I found a Sonic 1 in a bargain bin, and after I cleaned it up I found that there was little corrosion on the thing. I tested it on my Genesis and nothing appears. Do I have to be more obsessive with my cleaning or is this really a dead cart? I'm not sure if it helps but I did see a crappy brand 16V 47uf Capacitor in there.
Try it with the cap removed. The cap only provides DC filtering and they do go bad but usually not so bad it kills the cart outright. At worst it'd only be unstable and glitchy but somewhat playable. ROM can be zapped by static electricity. If it simply won't boot and you've ruled out dirty connector, bad solder, shorted caps, and broken traces then assume the ROM is fried.
I have a Flashback genesis cart that I think has a dead rom. I cleaned it beyond measure. The connector pads are mirror finish and I found no broken continuity on the PCB. I really think that ROM is kaput.
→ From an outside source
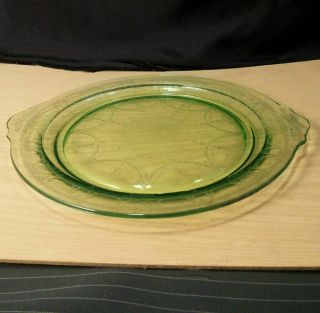 Anchor Hocking Green Depression Glass Handled Cake Plate Cameo Ballerina 11.  5 "
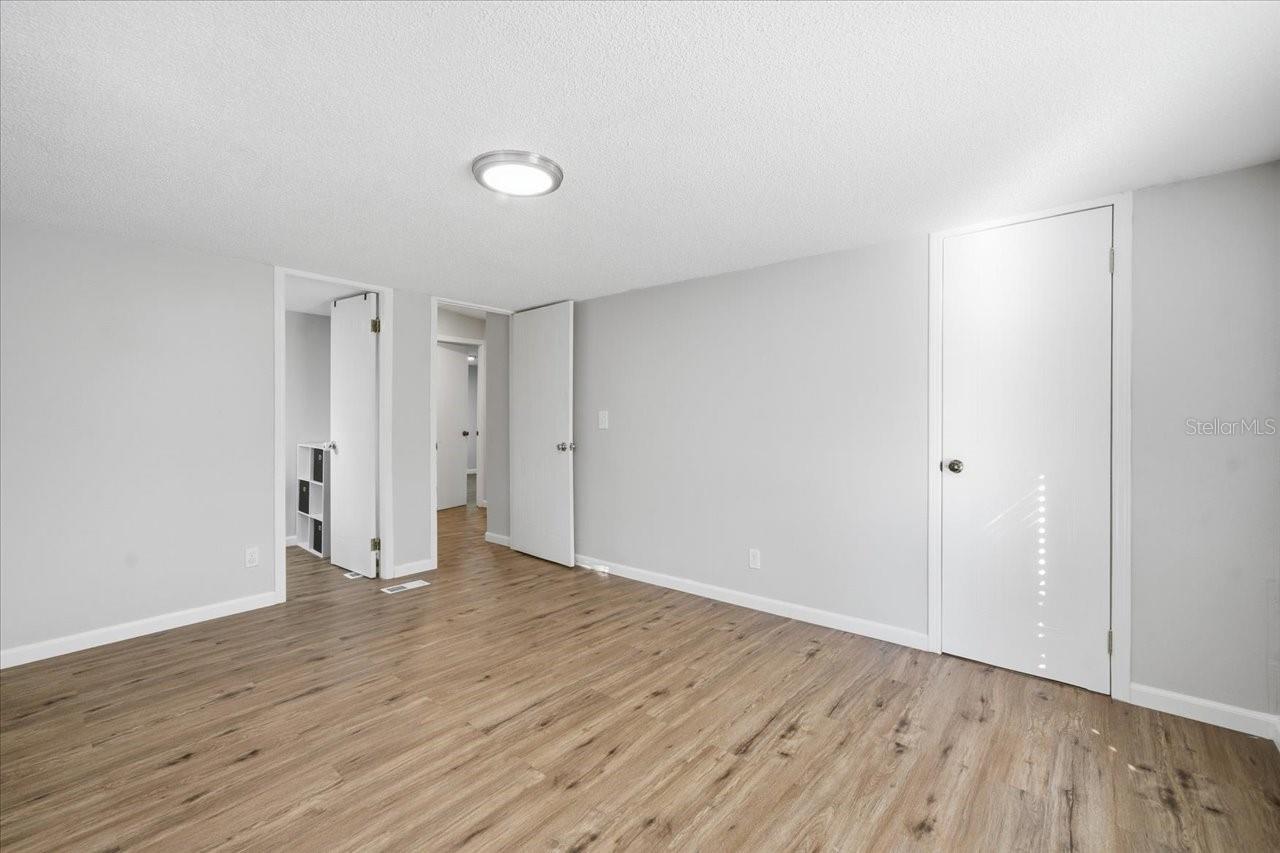 Image 19 of 38 For 13393 Lelani Drive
I guess I will have to ''Flash back'' a new rom chip for it xD
http://www.digitpress.com/forum/sho...doesn-t-work&p=1752779&viewfull=1#post1752779 No traces are broken. Little to no corrosion as I said. I have NES carts in worse condition and they work nonetheless. This guy says he has four Sonic carts that don't work. If it is static that killed the ROM, wow that much? Maybe this can be a rewritten cart if push comes to shove.
Pretty simple, really. If your console is known good, test continuity between the edge connector and the chip(s). If there's no (or poor) continuity, then the edge connector is dirty, there's a broken trace or a dry joint. If everything's good, then you've got a bad ROM. Well, check any electrolytic caps too, of course.